WASHINGTON (Reuters) - U.S. President Barack Obama is considering naming Lael Brainard, a senior U.S. Treasury Department official and a veteran of Democratic administration economic policymaking, to fill a vacancy at the Federal Reserve, the Washington Post reported on Sunday.
Brainard’s conversations with the administration have picked up in recent weeks and she is seriously considering the nomination, the newspaper said, citing people familiar with the process.
The White House is also weighing naming Janice Eberly, a former Treasury Department official, to a Fed board seat, although that process is not as far advanced as Brainard‘s, the Post said.
The White House and the Treasury declined to comment on the report.
Obama, who has come under fire for not naming more women to top policymaking posts, has a chance to put a big mark on the U.S. central bank over coming months with picks to fill out the Fed’s seven-person Board of Governors.
He is considering candidates to replace Ben Bernanke when his second four-year term as Fed chairman expires in January.
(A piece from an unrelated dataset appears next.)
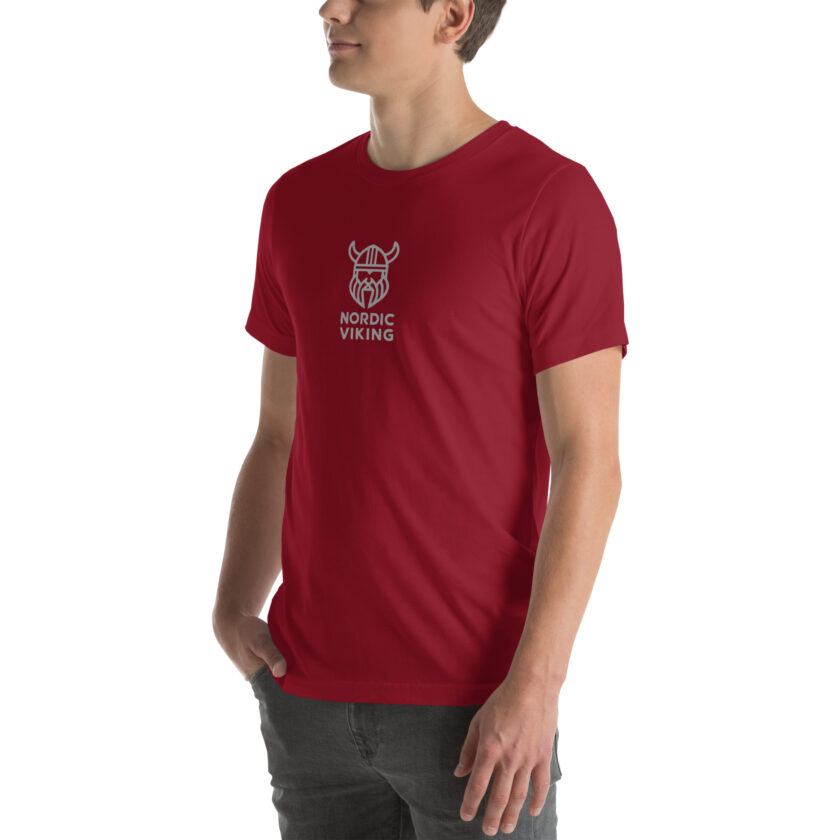 "The Spirit of the North II" - Nordic Viking Line Design - T-Shirt - Image 23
At the same time, there is already one vacancy on the board and at least one other likely to open up soon. Elizabeth Duke left the Fed board at the end of last month; Obama has nominated Fed Governor Sarah Raskin to be deputy Treasury secretary; and Fed Governor Jerome Powell’s term expires at the end of January, although he could be reappointed by Obama.
Many economists also think Fed Vice Chair Janet Yellen will step down when her term is up in October - if, as many expect, Obama nominates his former economic adviser Lawrence Summers to replace Bernanke.
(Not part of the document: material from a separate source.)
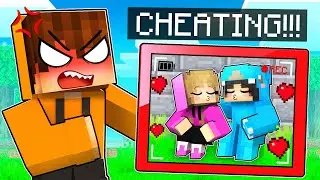 Using CAMERAS To SPY On My CRAZY FAN GIRLS In Minecraft!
Brainard is undersecretary of the Treasury for international affairs, a key position in U.S. financial diplomacy. She was deputy director of the White House National Economic Council in the Clinton administration, when Summers was a top official at the Treasury.
Eberly is a professor at the Kellogg School of Management at Northwestern University who served until recently as assistant secretary of the Treasury for economic policy.